Auteur : Michael Barram
Survol de l’ouvrage d’Alan Storkey : Jésus et la politique : Affronter les puissances, Baker Academy 2005 (0-8010-2784-5), 336 pages, $16.50
Cette nouvelle contribution d’Alan Storkey abonde de perspectives et de défis pour une vie chrétienne dans le contexte de l’Occident postmoderne (plus particulièrement Europe occidentale [Royaume-Uni, en particulier] et Etats-Unis). Il commence par remarquer que « l’histoire des rapports du christianisme avec la politique est étrange. D’un côté, il semble subversif » (p.7). Citant le Magnificat, Constantin et Soljenitsyne, Storkey reconnaît que « il y a, dans la foi chrétienne, quelque chose qui a dérangé les systèmes politiques » – bien que, fait-il remarquer, « ce dont il s’agit n’est pas clair » (p. 7). Cependant, cette qualité « subversive » n’est qu’une partie de l’histoire. « En même temps, le christianisme semble consentant » (p. 8). L’histoire regorge d’exemples de relations serviles et confortables que les chrétiens ont souvent entretenues avec ceux qui détiennent le pouvoir politique. Comment comprendre ces deux impulsions ? En essayant « d’étudier aussi directement que possible le contenu politique de la vie et de l’enseignement de Jésus », Storkey cherche à comprendre la politique chrétienne – en définitive, il est plus intéressé par une approche normative que par un simple exercice descriptif (p. 8).

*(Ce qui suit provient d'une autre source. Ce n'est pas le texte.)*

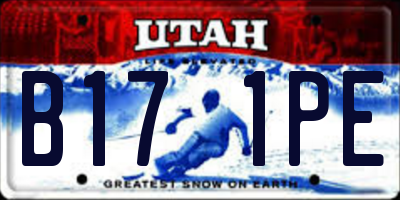 UT license plate B171PE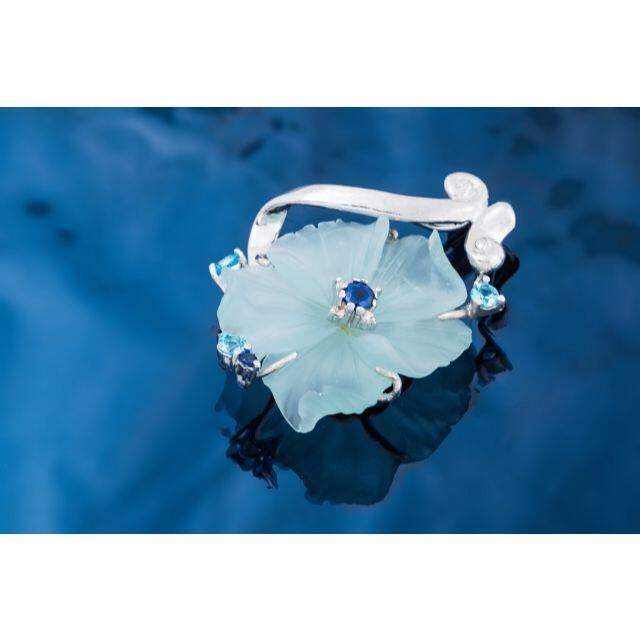 K18WG 水晶・ブルートパーズ・アイオライト・ダイヤモンド ペンダント ...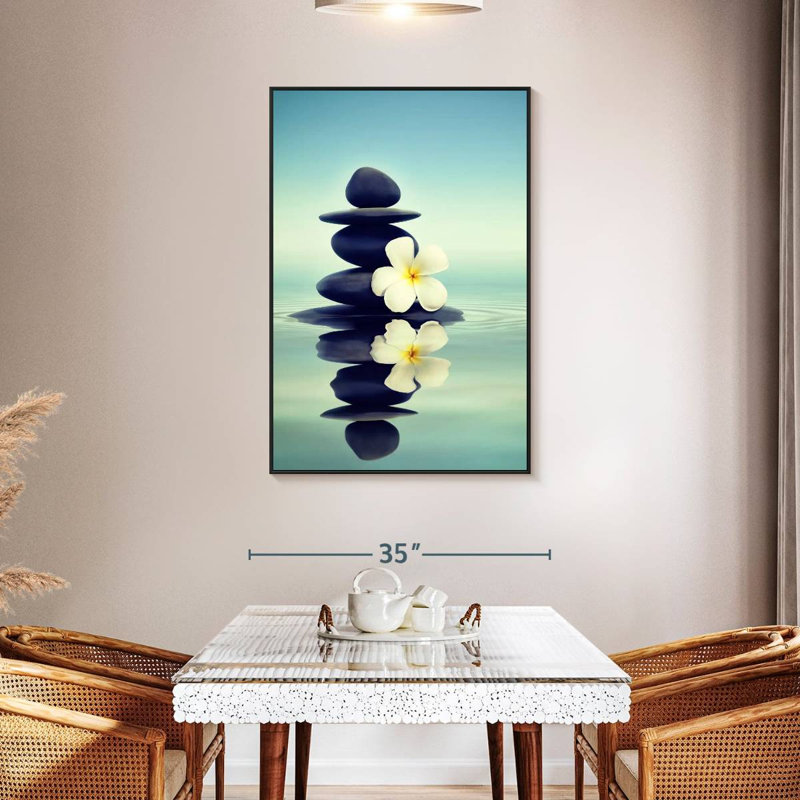 Fleur Zen Lei, 31 po x 46 po, Cadre flottant noir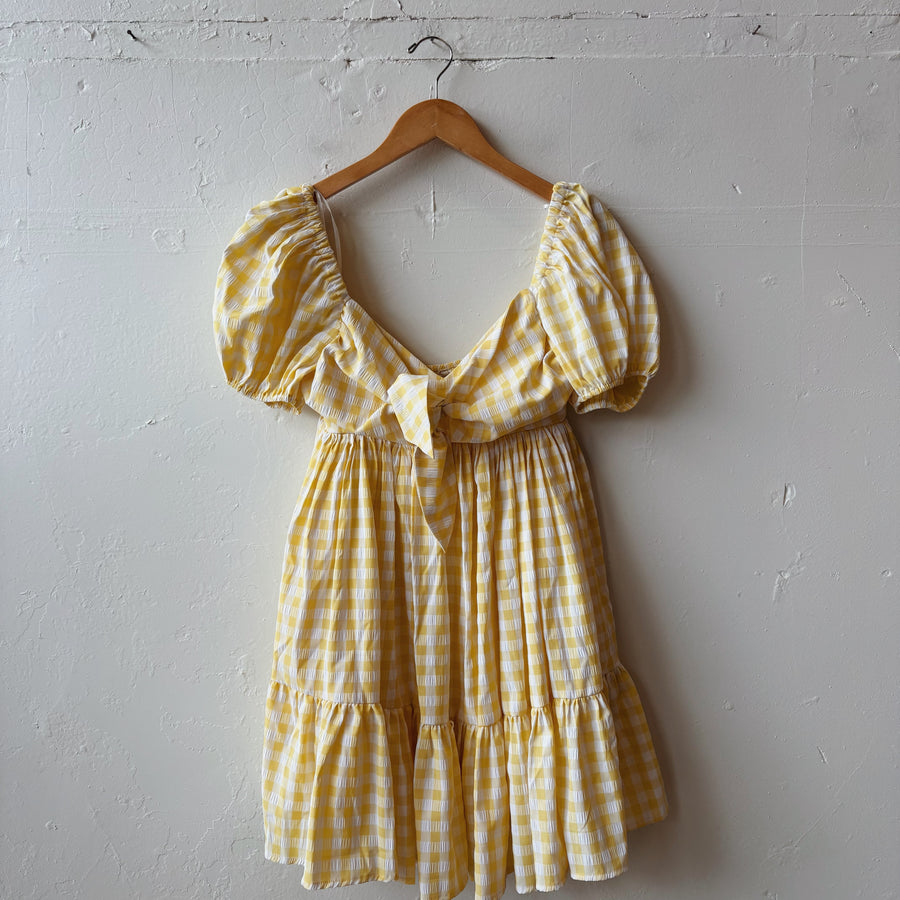 SIZE M | Yellow Gingham Dress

Storkey dit : « L’accent est mis sur la politique de Jésus ; nous entendons par là toutes les affaires de l’État : gouvernement, loi, identité nationale, pouvoir, justice, fiscalité, sens de l’État, relations internationales, guerre et politique économique, qui toutes ont fait partie de la vie des hommes tout au long des siècles » (p. 10). Storkey reconnaît que Jésus peut « ne pas apparaître comme politique » dans la mesure où « il n’avait pas d’armée, ne levait pas d’impôts, ne portait pas de vêtements royaux, si ce n’est lors de son procès final » (p. 10). Pourtant, « Jésus est redouté par les principaux partis politiques et fait des commentaires sur toutes sortes de questions politiques… Dans ce sens plus large –gouvernement légitime, loi, pouvoir, justice, partis, conflit, popularité, bien-être et fiscalité, » Storkey trouve « largement assez d’indications sur la politique de Jésus pour remplir un gros livre » (p. 10).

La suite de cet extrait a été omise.